Here is a list of the sample student projects. These projects will be conducted in the supervision of the faculty, PhD/MS students, postdoctoral fellow involved in the NSF REU project. 
Privacy-Preserving Information Retrieval
          Information retrieval (IR) plays an essential role in daily life. However, currently deployed IR technologies are insufficient when the information is protected or deemed to be private. For example, submitting a query to a publicly available search engine (e.g., Bing or Google) requires disclosing potentially delicate facts (e.g., thoughts about abortion), as well as the websites the user considers interesting. Similarly, when a private database contains sensitive information needed by the user, it cannot be searched freely. Over the past decade, various approaches, generally referred to as private information retrieval (PIR), have been proposed to obfuscate queries and responses, but they are limited in that the retrieved information is inadequate to compute relevancy. To address such limitations, this project investigates the necessary techniques to build a framework that allows one party to discover whether a second party harbors any relevant textual information without either party disclosing any information.

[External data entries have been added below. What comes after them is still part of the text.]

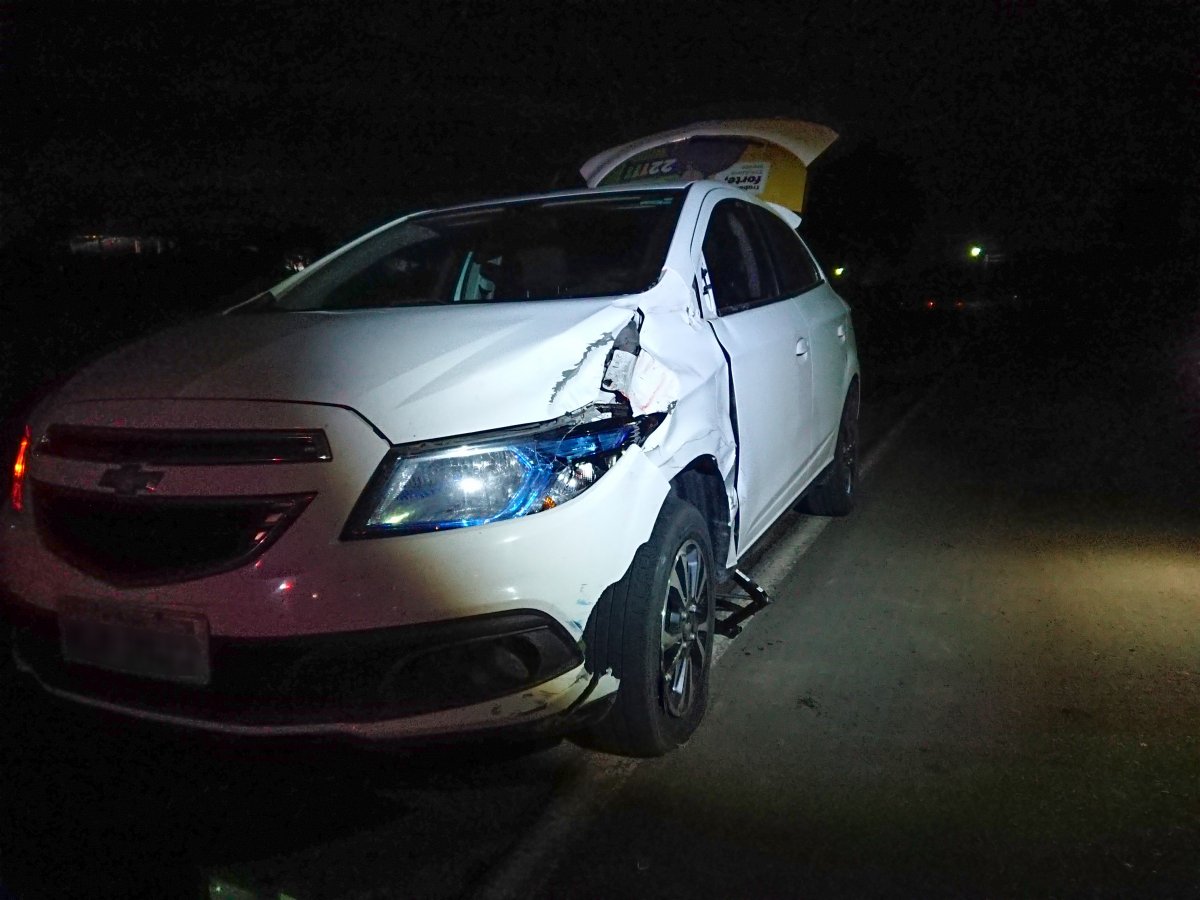 Em Nova Veneza jovem fica ferido em colisão entre moto e carro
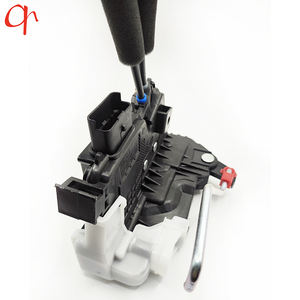 81310-1M000 81320-1M000 81320-1M050 81310-1M040 81310-1M240 <span class=keywords><strong>Cerradura</strong></span> <span class=keywords><strong>de</strong></span> puerta <span class=keywords><strong>de</strong></span> buena calidad para KIA <span class=keywords><strong>FORTE</strong></span> - Product Image 3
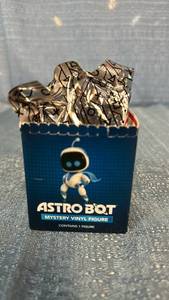 lot 2157 image: Astro Bot 3 Mystery Vinyl Figure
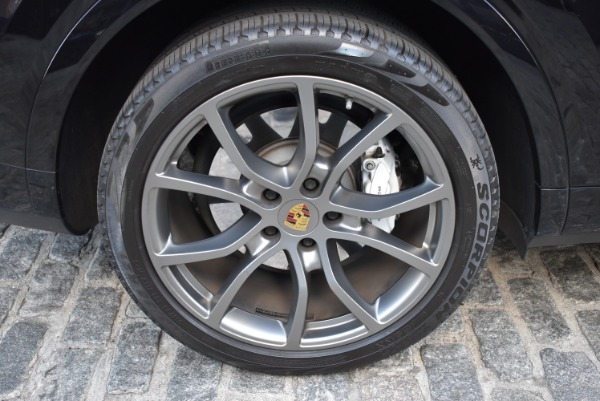 Used-2019-Porsche-Cayenne-Turbo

Making Multi-authority Attribute Based Encryption more flexible
          Attribute based encryption (ABE) stands out as a promising cryptographic tool to provide flexible and fine-grained access control. In ABE (specially CP-ABE), it is possible to realize any access policy in terms of a set of descriptive attributes and decryption is possible by a key if attributes in the key satisfies the access policy. One problem with ABE is the key escrow problem which happens due to the fact that only one party (Attribute authority) owns the master secret key. So, attribute authority can create any decryption key and have the ability to decrypt anything. Multi authority ABE (MA-ABE) was proposed to overcome the key escrow problem of ABE. In MA-ABE, instead of having a single attribute authority, multiple attribute authorities exist and each attribute authority controls their own distinctive set for attributes. No single attribute authority has the ability to create decryption keys for attributes other than those administrated by itself. But, MA-ABE solves key escrow problem with the cost of losing flexibility. All the existing MA-ABE proposed so far has the restriction that any access policy as well as decryption key should contain at least one attribute from each attribute authority. It results in bigger ciphertext size. On the other hand, one has to be more knowledgeable about which attribute is owned by which attribute authority. This can be a problem in large a scale system like cloud. So, in this research, our goal would be to get rid of all or some of these restrictions and make MA-ABE more flexible.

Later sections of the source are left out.